ISIS Put VIP Prisoners in a DAM which if Bombed result in Apocalyptic Flood

ISIS Put VIP Prisoners in a DAM which if Bombed result in Apocalyptic Flood
Sat Jan 23, 2016 12:00:22

Senior ISIS terrorist commander are holed up inside Syria's largest dam with high-value prisoners in the knowledge they can't be bombed by the U.S.-led coalition, it has been reported.

The Tabqa Dam, around 25 miles from the ISIS stronghold of Raqqa, would unleash a huge flood that would devastate much of Iraq and Syria if it was ruptured.

US led_coalition forces conducting airstrikes are acutely aware of the potential humanitarian disaster they face if they targeted the plant on the Euphrates River.

As such, the structure is being used to shelter 'very important prisoners' who are wanted by the U.S. and other governments, according to an official at Sound and Picture, an umbrella group of anti-ISIS activists in Syria.

Experts say the dam, which is 200 feet tall and roughly three miles long, would destroy large parts of Iraq and cut power to much of eastern Syria.

'That's an ecological disaster for Iraq and a humanitarian catastrophe for Syria,' Ariel Ahram, an associate professor at Virginia Tech who has studied Middle East dams, told the Wall Street Journal.

Middle East analysts and U.S. officials also fear the group could blow the dam up themselves as a last resort if they lose their grip on power.

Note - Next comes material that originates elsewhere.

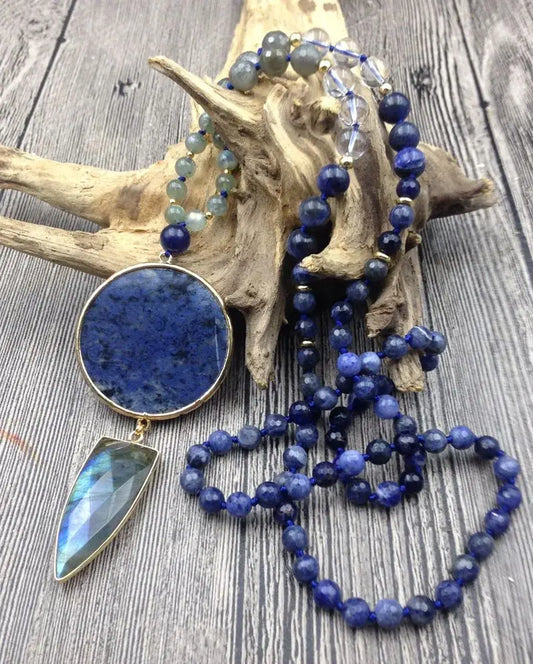 Natural Labradorite, Clear Quartz & Lapis Lazuli Boho Necklace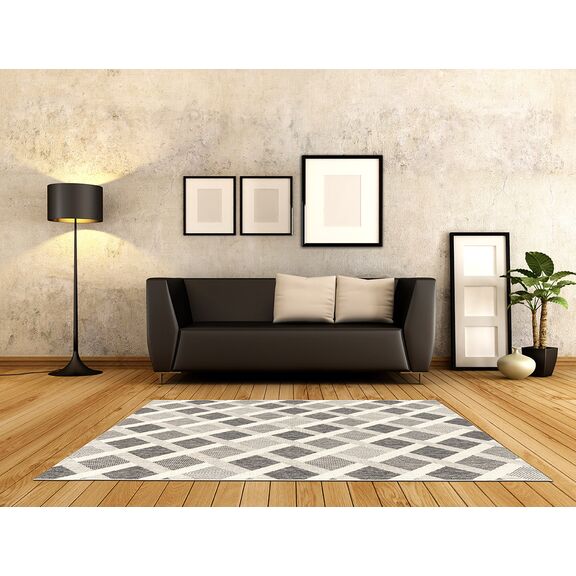 Χαλι Ethnik 3729d Grey-Ecru - 133x190   με το Mέτρο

ISIS lost the smaller Tishreen Dam, located downstream from Tabqa, in December after an alliance of Kurdish People's Protection Units and Arab armed groups carried out major operations in the area.

The Tsihreen dam, held by ISIS since 2014, helps generate electricity for large parts of the northern Aleppo province.

ISIS still controls swathes of territory on the western bank of the Euphrates River from Raqqa to Jarablus on the border with Turkey.

Mosul Dam

Similar fears about flooding were voiced over the Mosul Dam in Iraq earlier this month, with U.S. State Department officials warning that up to 500,000 people could be killed and more than a million left homeless if collapsed due to poor maintenance.

Rising water levels in spring, when the Tigris is swollen by rain and melting snow, could lead to the breach of the 2.2-mile long Mosul Dam, which was retaken from the ISIS by Iraqi and Kurdish forces more than 16 months ago.

In a call to Iraq's Prime Minister Haider al-Abadi, US president Barack Obama highlighted the need to make emergency repairs to avoid the tragedy.